LIBREVILLE, 3 mai 2026 (AGP)- Un an après le début de magistère de Brice Clotaire Oligui Nguéma, le secteur culturel et artistique gabonais affiche des signes de redynamisation, entre réformes institutionnelles, promotion du patrimoine et relance des initiatives créatives, a noté l’Agence gabonaise de presse.
Depuis mai 2025, les autorités gabonaises ont inscrit la culture parmi les priorités de la refondation nationale, avec pour objectif de structurer le secteur et de renforcer son rôle dans le développement du pays. Parmi les principales avancées figure la réforme du cadre juridique, notamment à travers l’élaboration de nouveaux textes relatifs au statut de l’artiste et à la protection des droits d’auteur, destinés à mieux encadrer et professionnaliser le milieu culturel.
Sur le plan international, plusieurs actions ont contribué au rayonnement de la culture gabonaise, notamment l’inscription du Mvet au patrimoine culturel immatériel de l’UNESCO, le projet d’inscription du Bwiti, ainsi que la participation du Gabon en qualité de pays invité d’honneur au Festival des musiques urbaines d’Anoumabo (FEMUA). À cela s’ajoute le récent décret instituant le port obligatoire de la tenue africaine chaque vendredi dans l’administration publique.

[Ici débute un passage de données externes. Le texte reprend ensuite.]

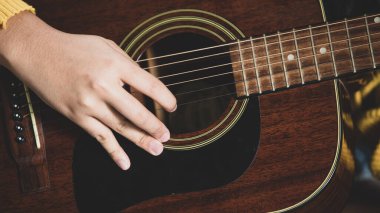 Genç müzisyen ellerinin akustik gitar çalarkenki yakın çekimi. Gitaristin ellerine odaklan. Gitarist evde müzik çalıyor..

Sur le plan financier, l’État a également annoncé une augmentation des moyens alloués au secteur culturel, traduisant une volonté de soutenir la préservation du patrimoine et la création contemporaine. Toutefois, plusieurs acteurs culturels estiment que ces engagements doivent encore se traduire concrètement sur le terrain.
Malgré l’organisation d’expositions et de projets collaboratifs favorisant la visibilité des artistes, le secteur reste confronté à des difficultés, notamment le manque d’infrastructures, l’insuffisance des financements et la faible professionnalisation des acteurs.
Au terme de cette première année de la Ve République, le secteur culturel apparaît ainsi engagé dans une dynamique de relance.